▸ EXERCISE INPUTS:
★ ★ ★ ★ ★

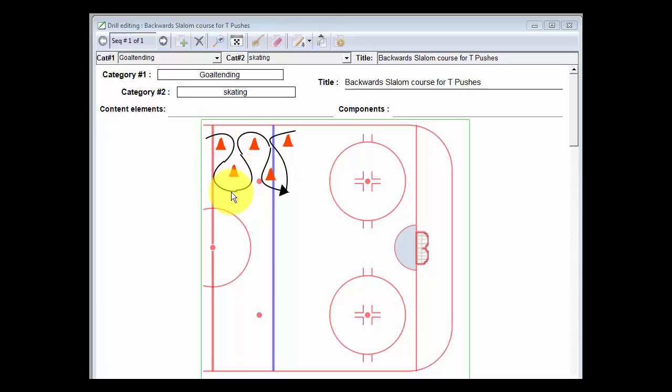Really simple stuff, kind of a cone drill, but again working on some serious T-push skating motion. Great drill, tough drill. I guess you could even incorporate a puck if you wanted to, just to get them doing it with the puck while they're skating backwards.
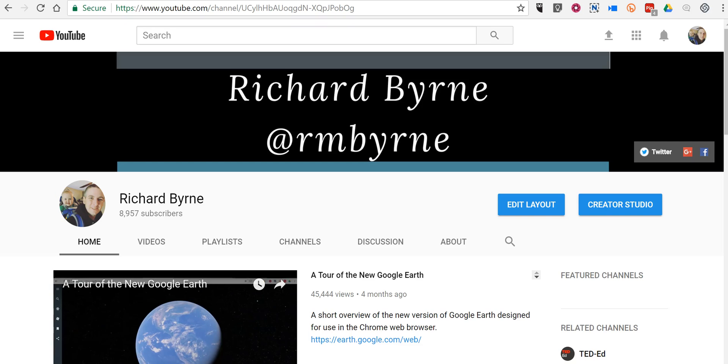Hi, this is Richard Byrne. In this video I want to show you how you can find and use the embed code for YouTube videos.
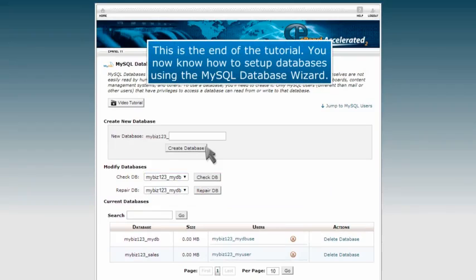This is the end of the tutorial. You now know how to set up databases using the MySQL Database Wizard.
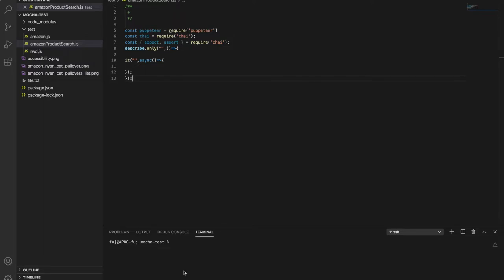Hello guys, welcome back to the channel. So in this video I will show you how to write end-to-end script using Amazon's product search example.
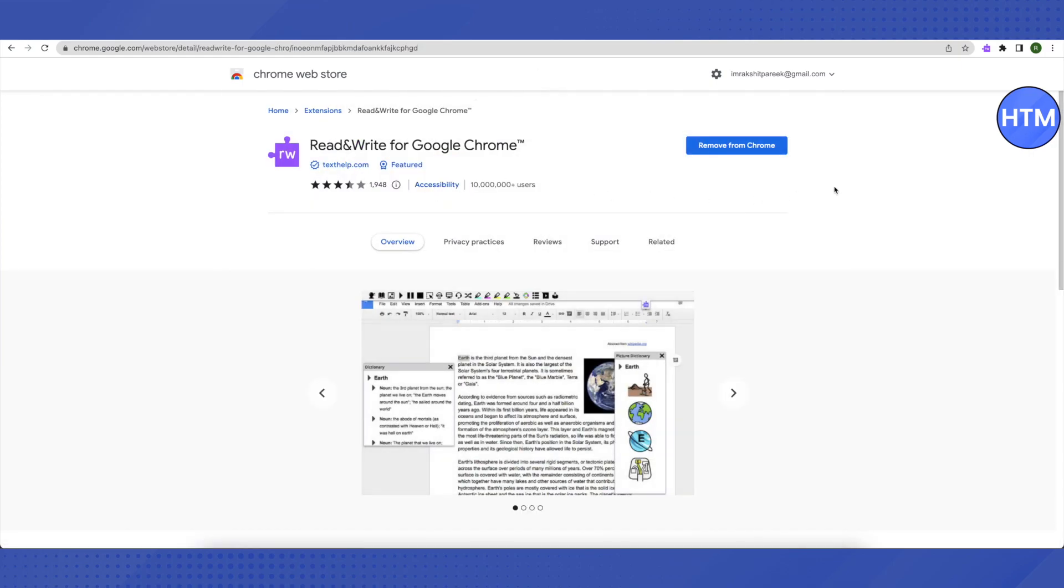Then here it will say 'Add to Chrome.' Since I already have it, it is saying 'Remove from Chrome' for me, but it will say 'Add to Chrome' for you. Just click on it and then add it as an extension.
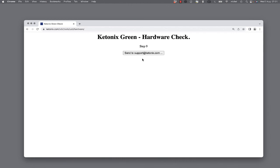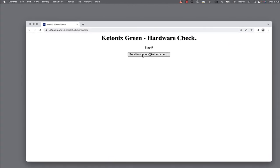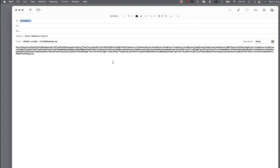When the data is prepared, click on Send to support at ketonex.com. A mail is created for you. Just click Send and the report is emailed to our support.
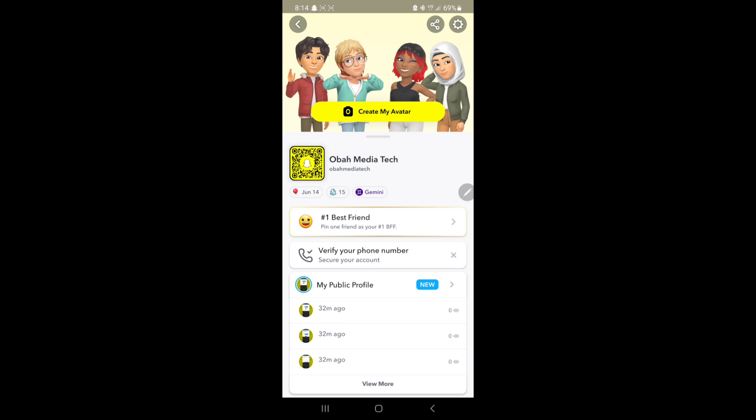3. Outdated software. Older versions of the Snapchat app or your phone's operating system can cause compatibility issues and affect media uploads. 4. App permissions. Security features on your phone or privacy settings may block Snapchat from accessing the camera or storage necessary for uploading media.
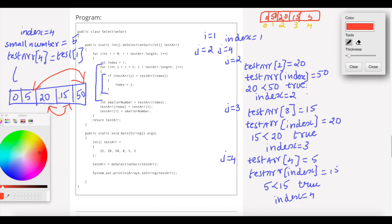This is the selection sort. If you have any doubt, check the video description box. This explains the actual value for i equal to 0 through i equal to 4, covering the first loop at i equal to 2, 3, and 4.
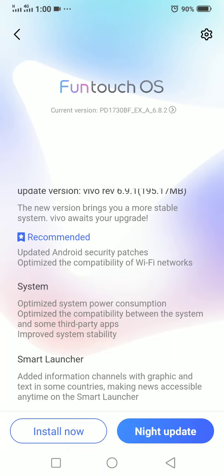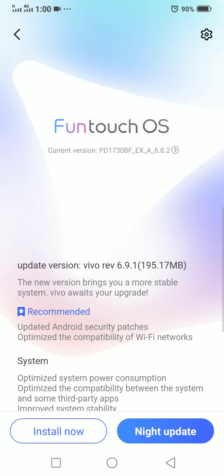Assalamualaikum friends, how are you? I hope you are fine and have a good day. Today I am talking about the update for those who use Vivo V9 phone, so you can update your phones.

★ ★ ★ ★ ★

▸ EXERCISE OBJECTIVE:
Any picture in the material is to be left out, and everything else is to be retyped as is.

▸ TASK ANSWER:
Really simple stuff, kind of a cone drill, but again working on some serious T-push skating motion. Great drill, tough drill. I guess you could even incorporate a puck if you wanted to, just to get them doing it with the puck while they're skating backwards.
Hi, this is Richard Byrne. In this video I want to show you how you can find and use the embed code for YouTube videos.
This is the end of the tutorial. You now know how to set up databases using the MySQL Database Wizard.
Hello guys, welcome back to the channel. So in this video I will show you how to write end-to-end script using Amazon's product search example.
Then here it will say 'Add to Chrome.' Since I already have it, it is saying 'Remove from Chrome' for me, but it will say 'Add to Chrome' for you. Just click on it and then add it as an extension.
When the data is prepared, click on Send to support at ketonex.com. A mail is created for you. Just click Send and the report is emailed to our support.
3. Outdated software. Older versions of the Snapchat app or your phone's operating system can cause compatibility issues and affect media uploads. 4. App permissions. Security features on your phone or privacy settings may block Snapchat from accessing the camera or storage necessary for uploading media.
This is the selection sort. If you have any doubt, check the video description box. This explains the actual value for i equal to 0 through i equal to 4, covering the first loop at i equal to 2, 3, and 4.
Assalamualaikum friends, how are you? I hope you are fine and have a good day. Today I am talking about the update for those who use Vivo V9 phone, so you can update your phones.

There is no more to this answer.